7. Conclusion about the Commission's use of the compelled evidence without first obtaining a s. 17(1) order

[133] We summarize our discussion about the Commission's use of the compelled evidence by noting the following conclusions:

a. s. 16(1) of the Act, which prohibits any person or company from disclosing compelled evidence, other than in accordance with prescribed exceptions, applies to the Commission;

b. neither the words "for the exclusive use of the Commission" in s. 16(2) nor the words "shall not be disclosed... to any other person or company or in any other proceeding" in that same subsection assist the Commission in these circumstances;

c. the legislative scheme seeks to ensure minimum impairment of privacy interests, while permitting the Commission to perform its mandate within those constraints, and any exception to the general protection must be strictly construed, consistent with the high degree of confidentiality associated with compelled evidence and the need for strict limitations on its use;

d. the only exception to s. 16(1) that is relevant in this case is that set out in s. 17(1), which empowers the Tribunal to make an order authorizing disclosure, after: (i) where practicable, giving notice to persons who provided the compelled evidence, and (ii) determining that it is in the public interest to make the order;

e. the obligation to give notice to persons affected by the proposed disclosure gives them the opportunity to make submissions about the proposed disclosure, including the appropriate extent of disclosure and any terms that should be imposed;

f. the Commission's actions defeated Mr.
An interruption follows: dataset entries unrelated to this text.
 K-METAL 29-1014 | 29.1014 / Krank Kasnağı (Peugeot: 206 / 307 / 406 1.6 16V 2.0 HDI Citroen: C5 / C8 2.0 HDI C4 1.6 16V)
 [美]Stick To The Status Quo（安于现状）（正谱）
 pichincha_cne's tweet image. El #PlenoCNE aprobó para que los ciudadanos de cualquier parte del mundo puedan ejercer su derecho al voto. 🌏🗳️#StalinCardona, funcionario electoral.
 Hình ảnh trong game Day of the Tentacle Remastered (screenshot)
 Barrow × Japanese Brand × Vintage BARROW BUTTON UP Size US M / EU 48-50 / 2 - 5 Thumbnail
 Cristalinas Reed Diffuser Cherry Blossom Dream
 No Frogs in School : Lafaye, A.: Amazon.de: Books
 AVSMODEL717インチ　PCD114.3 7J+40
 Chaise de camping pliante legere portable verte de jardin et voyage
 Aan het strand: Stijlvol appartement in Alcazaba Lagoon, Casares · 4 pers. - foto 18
Sharpe's reasonable privacy expectations;

g. any similar and unchallenged disclosure by the Commission in previous instances is of no assistance to the Commission;

h. there is no Tribunal or Court decision that addresses circumstances similar to those in this case, and that supports the Commission's actions; and

i. Staff was unable to explain persuasively why the Commission could not have obtained a s. 17(1) order before publicly disclosing the compelled evidence.

[134] For all these reasons, we conclude that the answer to the first question is no. The Commission cannot, in the circumstances set out in the statement of agreed facts, publicly disclose compelled evidence without first obtaining a s. 17 order.

[135] Because of our answer to the first question, we turn now to the second question, i.e., whether under the circumstances revocation of the s. 11 order is an available remedy.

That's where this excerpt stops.